_DESCRIPTION OF THE TASK_:
Repeat all the data exactly, and where a record holds a picture, leave that picture out.

_RECORDS SHOWN_:
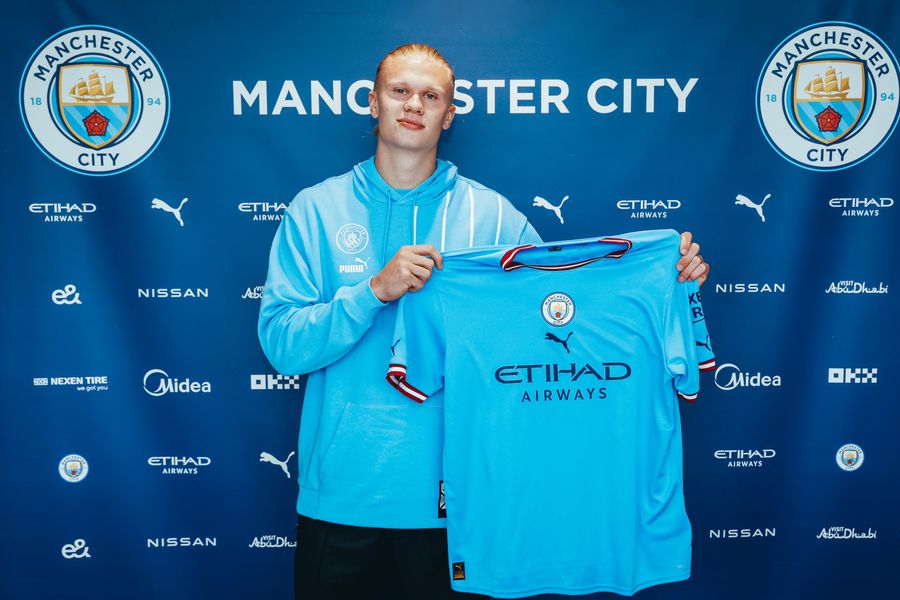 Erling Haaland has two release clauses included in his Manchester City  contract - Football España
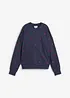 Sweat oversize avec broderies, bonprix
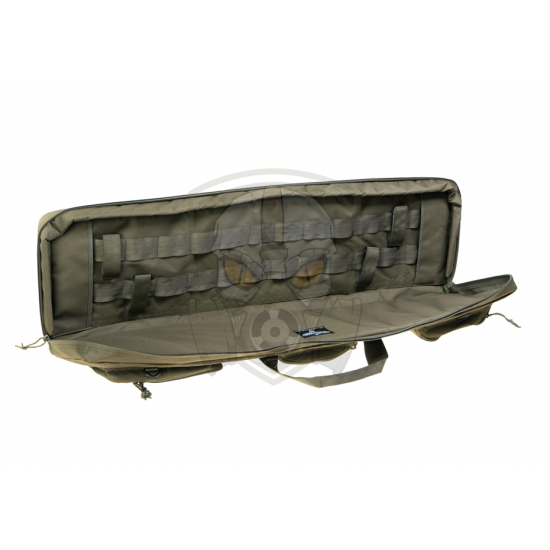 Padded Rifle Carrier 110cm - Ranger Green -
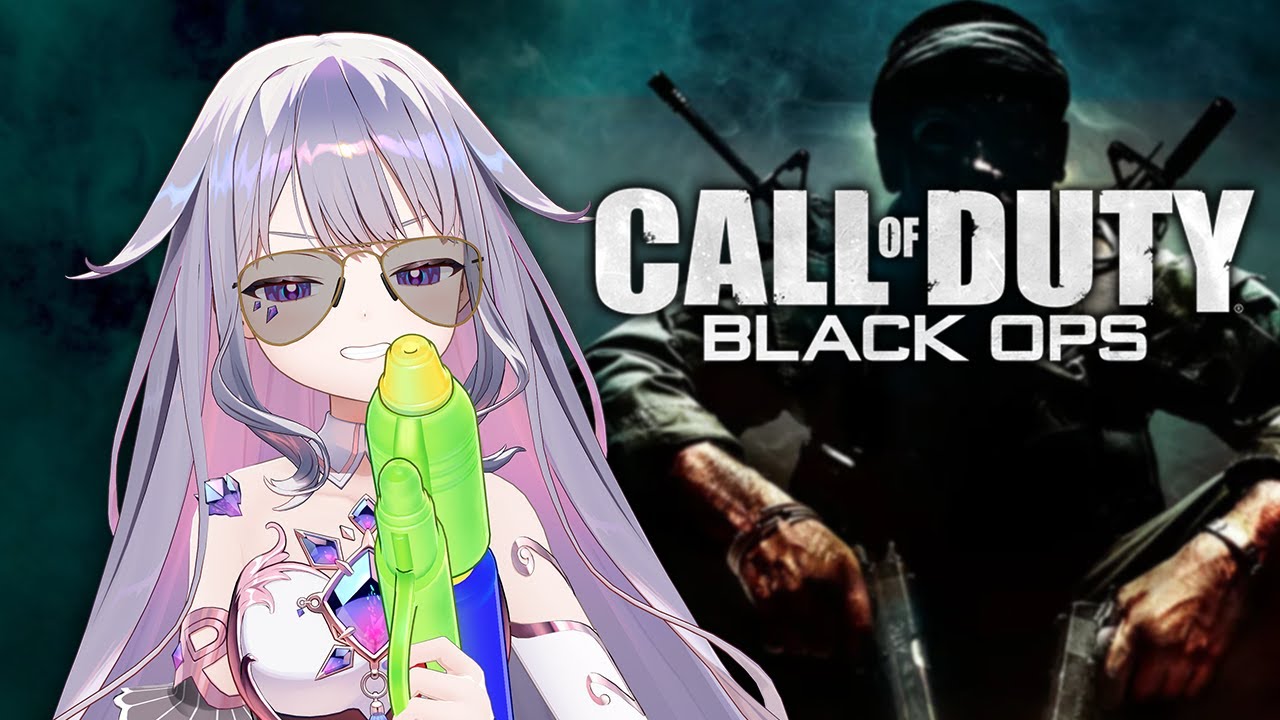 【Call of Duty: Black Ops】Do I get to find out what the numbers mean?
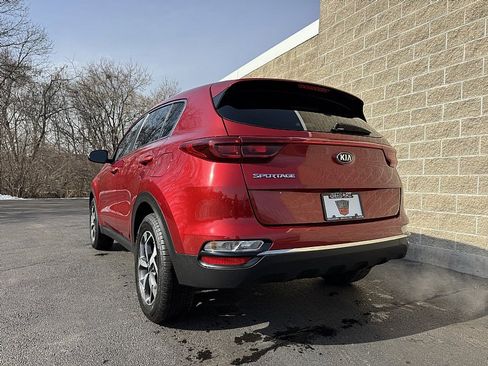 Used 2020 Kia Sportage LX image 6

_RESULT OF THIS EXERCISE_:
 Erling Haaland has two release clauses included in his Manchester City  contract - Football España
 Sweat oversize avec broderies, bonprix
 Padded Rifle Carrier 110cm - Ranger Green -
 【Call of Duty: Black Ops】Do I get to find out what the numbers mean?
 Used 2020 Kia Sportage LX image 6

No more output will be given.